Falling real yields and inflationary expectations, via the Fisher equation, force government (risk-free) bond yields lower. But full application of the law of diminishing returns is also at work. Diminishing returns occur when a factor of production, such as debt capital is overused. This observation is confirmed by the decline in the marginal revenue product of debt. Economic theory demonstrates than when the MRP of a factor declines, the price received for that factor also declines. If, for example, labor is overused to the extent that its MRP declines, so do wages, the price of labor. Thus, the decrease in MRP of debt due to its overuse, indicates that interest rates, the price of debt, should fall. This is exactly what is happening in all the major economies of the world that are suffering from a debt overhang. Thus, considering decreasing interest rates as an inducement for governments to spend more borrowed funds will add to the severity of the debt spiral. If policy makers are incentivized to borrow more because interest rates are low, then the MRP of debt will fall, leading to even weaker growth. Moreover, interest rates are lowered indirectly by poorer growth and inflation, and by a further fall of the MRP of debt. Thus, the whole premise of Modern Monetary Theory is flawed at the core. The low interest rates are not a potential benefit for the economy, they are a result of the overuse of debt.

https://hoisingtonmgt.com/
 
MMT reminds me of housing. In the lead up to the housing bubble the common refrain was “home prices have never dropped on a national basis.” Pretty soon, that factoid (which I doubt was true....I think home prices did drop nationally during Great Depression) was twisted to infer that home prices “couldn’t” drop, and this twisted logic was used to justify giving 103% negative amortization loans to cab drivers to purchase their fifth vacant investment property. Generally, soon after a rule of economics is “discovered” it stops working because people’s behavior changes. With MMT, I see this being used to justify crazy deficit spending and bond issuance. I don’t know how it’ll end, but I do believe the US is losing credit worthiness with foreign countries and that at some point our neighbors will question the value of the paper in their wallets when it’s created out of thin air by the trillions. Long story short: I think MMT is a fairy tale.
The only issue here is most governments are doing it at the same time. Even Germany has gone for deficits. It may be a race to the bottom, but inflation has been expected to run rampant for the last 10 years and with the yoy infation at 1.3% it is currently no where to be found.
 
Mainstream economics is the model that politicians use when they are making a political argument. MMT is what policymakers accept as the way our system is actually set up to work.
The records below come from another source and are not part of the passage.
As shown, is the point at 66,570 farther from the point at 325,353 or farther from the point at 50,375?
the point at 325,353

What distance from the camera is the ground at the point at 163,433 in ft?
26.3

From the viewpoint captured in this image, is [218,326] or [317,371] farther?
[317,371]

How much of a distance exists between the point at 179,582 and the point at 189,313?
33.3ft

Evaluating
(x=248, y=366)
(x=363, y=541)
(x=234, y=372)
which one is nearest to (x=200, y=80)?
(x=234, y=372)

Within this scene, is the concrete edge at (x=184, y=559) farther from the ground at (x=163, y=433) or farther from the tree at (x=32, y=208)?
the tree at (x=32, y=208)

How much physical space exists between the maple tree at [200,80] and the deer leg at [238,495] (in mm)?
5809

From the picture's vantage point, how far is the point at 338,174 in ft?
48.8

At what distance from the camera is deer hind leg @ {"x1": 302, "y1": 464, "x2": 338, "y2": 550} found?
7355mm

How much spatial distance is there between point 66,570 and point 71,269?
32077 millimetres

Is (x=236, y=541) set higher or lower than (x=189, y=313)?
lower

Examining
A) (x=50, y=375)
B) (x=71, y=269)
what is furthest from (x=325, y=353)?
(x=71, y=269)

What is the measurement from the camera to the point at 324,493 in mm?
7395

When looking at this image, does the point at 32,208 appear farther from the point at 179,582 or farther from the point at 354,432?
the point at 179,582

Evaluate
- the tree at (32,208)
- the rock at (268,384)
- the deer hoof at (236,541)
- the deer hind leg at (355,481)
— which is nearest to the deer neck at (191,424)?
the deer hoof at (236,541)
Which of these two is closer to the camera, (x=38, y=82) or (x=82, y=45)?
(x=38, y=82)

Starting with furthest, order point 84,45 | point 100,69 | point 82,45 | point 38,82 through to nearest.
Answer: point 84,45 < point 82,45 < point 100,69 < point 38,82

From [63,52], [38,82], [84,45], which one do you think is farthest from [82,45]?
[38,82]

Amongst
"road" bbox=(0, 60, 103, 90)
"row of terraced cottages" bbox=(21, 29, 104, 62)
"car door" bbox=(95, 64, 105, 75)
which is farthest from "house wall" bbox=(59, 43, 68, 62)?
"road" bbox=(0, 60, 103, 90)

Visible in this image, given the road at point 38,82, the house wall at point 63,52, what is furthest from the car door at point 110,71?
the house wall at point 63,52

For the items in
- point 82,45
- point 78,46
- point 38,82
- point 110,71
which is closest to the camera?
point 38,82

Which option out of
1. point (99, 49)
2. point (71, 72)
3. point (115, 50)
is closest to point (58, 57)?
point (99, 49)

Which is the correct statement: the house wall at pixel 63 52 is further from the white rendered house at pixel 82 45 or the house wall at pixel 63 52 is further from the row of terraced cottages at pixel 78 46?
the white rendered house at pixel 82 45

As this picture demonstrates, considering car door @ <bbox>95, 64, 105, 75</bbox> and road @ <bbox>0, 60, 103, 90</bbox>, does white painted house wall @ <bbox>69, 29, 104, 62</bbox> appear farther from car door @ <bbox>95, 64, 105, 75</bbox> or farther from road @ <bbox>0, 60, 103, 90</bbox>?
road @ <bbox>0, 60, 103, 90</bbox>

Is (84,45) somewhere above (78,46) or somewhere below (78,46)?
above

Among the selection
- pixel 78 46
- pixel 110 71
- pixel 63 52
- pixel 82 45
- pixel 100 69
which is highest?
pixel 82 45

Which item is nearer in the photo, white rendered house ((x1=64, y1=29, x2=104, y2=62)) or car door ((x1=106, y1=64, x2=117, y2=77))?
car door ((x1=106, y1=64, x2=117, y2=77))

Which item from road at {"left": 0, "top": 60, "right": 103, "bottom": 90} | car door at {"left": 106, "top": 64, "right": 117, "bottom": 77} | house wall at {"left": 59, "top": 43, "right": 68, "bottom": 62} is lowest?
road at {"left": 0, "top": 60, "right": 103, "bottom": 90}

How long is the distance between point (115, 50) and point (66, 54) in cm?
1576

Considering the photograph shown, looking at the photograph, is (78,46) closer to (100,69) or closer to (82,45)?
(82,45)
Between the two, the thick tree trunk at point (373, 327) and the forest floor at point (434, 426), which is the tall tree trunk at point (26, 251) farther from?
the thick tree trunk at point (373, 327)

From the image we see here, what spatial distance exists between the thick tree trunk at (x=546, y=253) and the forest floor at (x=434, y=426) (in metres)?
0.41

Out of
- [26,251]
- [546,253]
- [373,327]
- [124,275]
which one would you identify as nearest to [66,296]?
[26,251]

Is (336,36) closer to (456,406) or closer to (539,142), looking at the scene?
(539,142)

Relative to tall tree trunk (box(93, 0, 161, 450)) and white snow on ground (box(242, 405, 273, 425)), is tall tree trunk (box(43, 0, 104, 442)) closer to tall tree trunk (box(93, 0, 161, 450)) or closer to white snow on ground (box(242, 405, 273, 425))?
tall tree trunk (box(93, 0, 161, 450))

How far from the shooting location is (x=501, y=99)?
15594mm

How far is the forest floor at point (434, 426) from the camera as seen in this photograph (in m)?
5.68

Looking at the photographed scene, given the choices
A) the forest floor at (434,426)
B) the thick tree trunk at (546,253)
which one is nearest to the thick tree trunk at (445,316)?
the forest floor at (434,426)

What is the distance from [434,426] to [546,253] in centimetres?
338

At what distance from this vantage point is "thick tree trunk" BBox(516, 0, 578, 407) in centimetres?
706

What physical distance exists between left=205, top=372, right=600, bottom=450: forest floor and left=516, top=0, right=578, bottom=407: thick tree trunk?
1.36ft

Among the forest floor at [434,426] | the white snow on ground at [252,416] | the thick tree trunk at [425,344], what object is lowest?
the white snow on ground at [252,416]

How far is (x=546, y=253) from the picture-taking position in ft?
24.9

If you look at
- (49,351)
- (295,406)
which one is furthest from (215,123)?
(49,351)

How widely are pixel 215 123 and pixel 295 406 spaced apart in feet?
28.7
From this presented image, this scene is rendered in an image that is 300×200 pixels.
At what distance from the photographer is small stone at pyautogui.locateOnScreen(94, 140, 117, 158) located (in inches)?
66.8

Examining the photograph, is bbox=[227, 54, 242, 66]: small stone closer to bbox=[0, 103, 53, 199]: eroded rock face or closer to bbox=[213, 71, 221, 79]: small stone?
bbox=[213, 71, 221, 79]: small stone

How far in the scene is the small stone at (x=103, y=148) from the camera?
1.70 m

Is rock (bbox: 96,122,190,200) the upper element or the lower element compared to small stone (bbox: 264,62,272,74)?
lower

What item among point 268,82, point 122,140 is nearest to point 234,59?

Understanding the difference is crucial to understanding why there appears to be such a disconnect between political debate and actual monetary policy. It's dangerous because we push our government to take actions based on the wrong economic reality; and they deny us things we really need in an effort to keep us from wanting too much. Simple things like mental health programs and food for the hungry are somehow controversial for being too expensive; and kayfabe about fictional 'welfare queens' is legion. Funny how when the poor steal to survive we punish all poor people; and when the rich steal for greed we use the theft to prop up their contrite peers to show how unnecessary any other rules might be thanks to all the good things they do. But I digress.

The key element in maintaining MMT at full employment is productivity gains. If we become less productive, then the debt becomes unsustainable. That is why productivity gains are so important, and ultimately what is required to keep the balls in the air in a well-functioning economy. If we start to look like we are unreliable debtors who don't have the ability to grow our own economy, then the problems will really start.